With his elegant and precise style, Masur (son of the late Kurt) successfully traversed the transitions between the lyrical and exuberant passages in the Berlioz. Robert Sheena’s English horn floated a poised and beautiful solo and BSO brass erupted powerful and jubilant fanfares, but overall there lacked an essential vitality and came to a less-than-totally rousing conclusion.
Sergio Tiempo’s poignant and dynamic interpretation of Ravel was the highlight. The pianist demonstrated an appealingly forceful and secure technique. Delicate and reflective in the exquisitely rendered Adagio, he was full of verve in the jazzier moments of the outer movements. Masur molded a lush and sensitive accompaniment, trumpet appropriately vibrant in the opening movement, and the English horn perfectly judged in the second. As an encore, Tiempo offered a rapid-fire account of ‘Danza del gaucho matrero’ (Dance of the Outlaw Cowboy) from Ginastera’s Three Argentinean Dances, Opus 2.
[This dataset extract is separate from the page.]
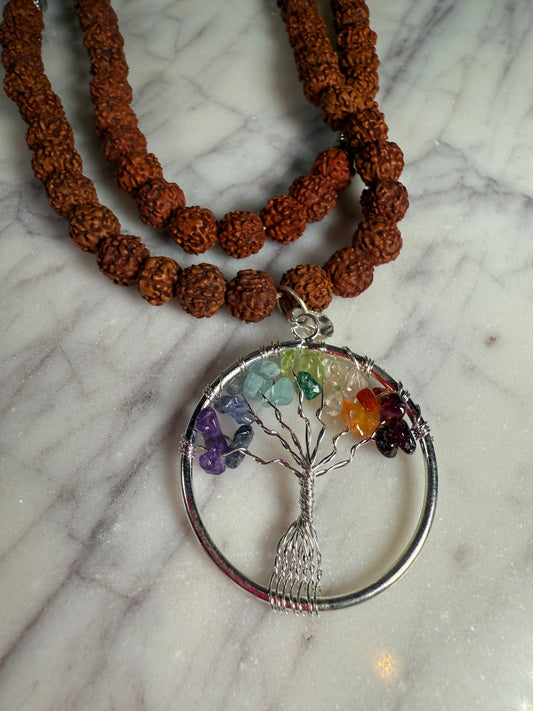 Rudracsha + Chakra Beads and Tree of Life Mala Necklace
Following intermission Burton led Antonio Estévez’s Cantata Criolla (1954). Based on a poem by Alberto Arvelo Torrealba, the thirty-five minute score tells the story of the coplero (an improvising singer-poet) Florentino who defeats the devil in a contrapunto, a fast-paced verbal duel.
Drawing on folk traditions, Estévez employs a wide variety of musical effects to illustrate the desolate and perilous landscape of the Venezuelan llanos (plains), vividly accomplished by the BSO. The low woodwinds and strings were especially effective as they depicted a chubasco (monsoon-like storm), and the verbal confrontation. The two Venezuelan singers, Aquiles Machado as Florentino and Gustavo Castillo as the Devil, like Tiempo both BSO debutants, performed with swelling intensity. Machado used his warm, strongly projected tenor to effectively convey his character’s confidence and humanity, while Castillo’s smooth baritone created a cannily seductive presence. The Tanglewood Festival Chorus sang with admirable precision and intonation.